Can you really save on travel expenses with all this gear? Yes. "We estimate that the initial investment of $130,000 paid for itself in six months from travel cost savings alone," said Frame.
In another situation, a bicoastal law firm used room-based video conferencing equipment from CLI to collaborate on projects. The firm specializes in developing multimedia exhibits that are shown at trials. "On one patent case, I was in Los Angeles and met daily with the client expert (a physicist) and several attorneys in D.C. to create a 3-D medical animation for an upcoming trial," says Terry Bailey, director of multimedia for Howrey and Simon, a bicoastal law firm in Washington, DC and Los Angeles. "Every day we would work together, taking turns drawing on screen," she says. "In two weeks we had a completed animation--with no traveling! We saved thousands of dollars each month in travel costs."

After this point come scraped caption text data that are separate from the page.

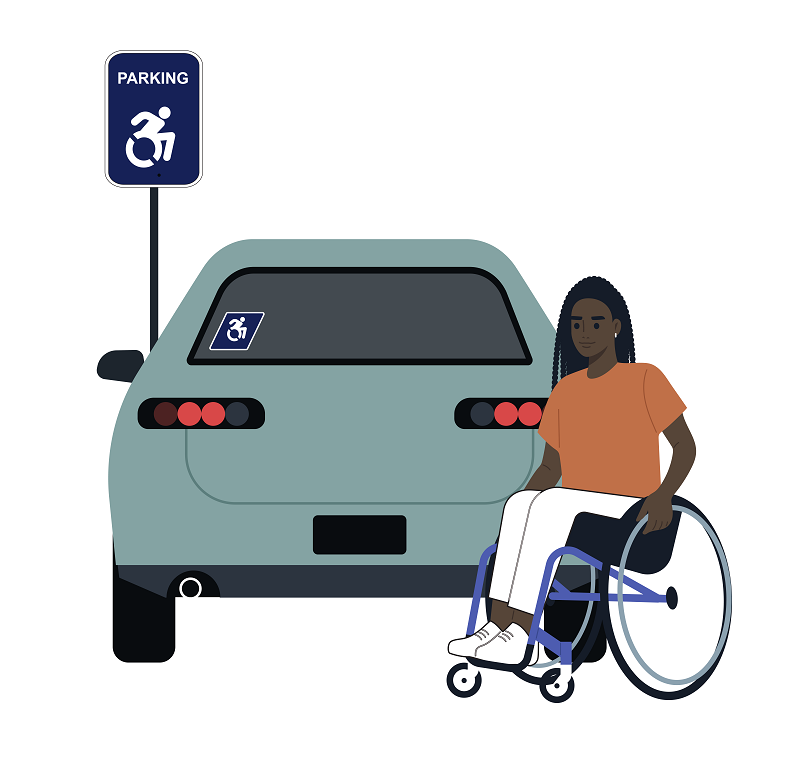 Eine Person im Rollstuhl neben einem Auto und einem Schild für einen Behindertenparkplatz.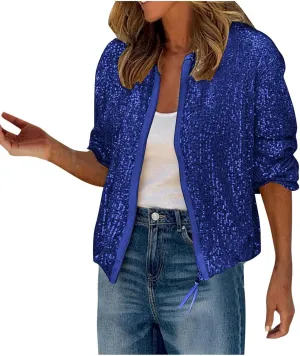 DDAPJ pyju Womens Sequin Jacket Shiny Glitter Sparkly Bomber Jackets Long Sleeve Zip Up Coats 2025 Fashion Party Clubwear
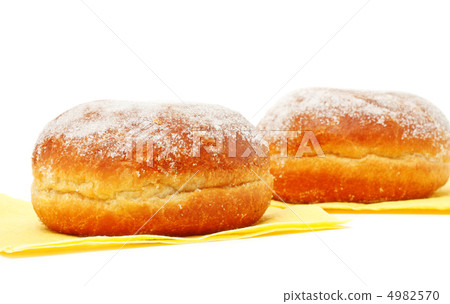 two donuts in powdered sugar 4982570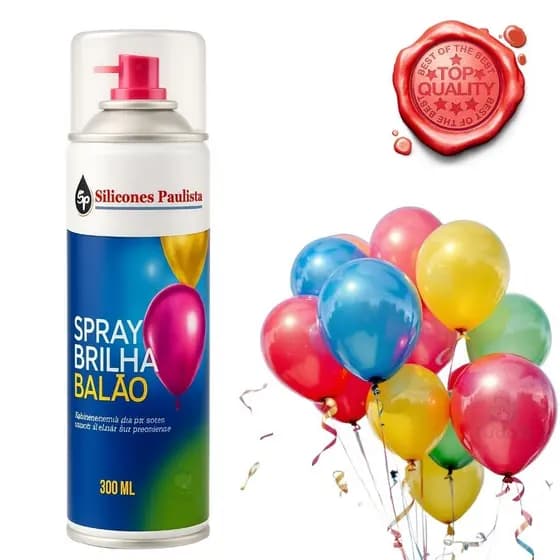 Spray Brilho para Balão 300ml – Fixador e Realçador de Cor | Ideal para Decoração de Festas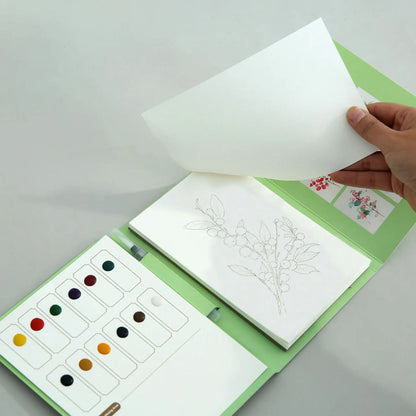 YUELU Pastel Floral Watercolor Painting Toy Portable Travel Beginners Practice Watercolor Sketchbook Set with Pigment Card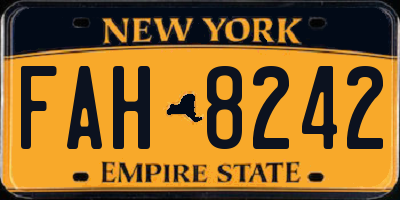 NY license plate FAH8242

How good is the video and audio quality? That depends on the nature of the link and product used. Generally, the faster the link, the better the video and audio quality of the connection, and the more that you will pay for communications charges. "Anyone expecting to see 'The Jetsons' quality of video conferencing will surely be disappointed," says St. Onge. "At this time the audio quality is not acceptable, and we are working with Insoft to improve the situation," he says. Parnon says that "these products aren't broadcast quality, but they are getting closer and we are satisfied with the video quality that we are getting."
Your setup will often depend on how many people you are trying to connect. Video conferencing products come in two basic configurations (and not every product will support both): point-to-point, where only two people can communicate similar to a phone call; and multipoint, where multiple connections can be viewed on a desktop computer similar to a party line conversation. Which is best for you depends on your needs and the kinds of projects.

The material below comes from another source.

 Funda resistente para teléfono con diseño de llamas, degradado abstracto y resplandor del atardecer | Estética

For the video mortgage application at Princeton Capital Intel's ProShare point-to-point connection was appropriate, since the link was only between a single customer and a single banker. Other applications may require multipoint connections, such as at the distributed law firm of Parnon and Pratt: "We wanted "n" way conferencing -- not just two way -- to connect all of our offices from time to time for firm meetings, and to network with teams of attorneys from other firms with whom we will be working on complex litigation's," says Parnon.
One final recommendation: get the buy-in of the CEO. "Two years ago when we did our first pair of V-Tel installations our CEO was skeptical, but now he is the biggest proponent of the concept," says Frame.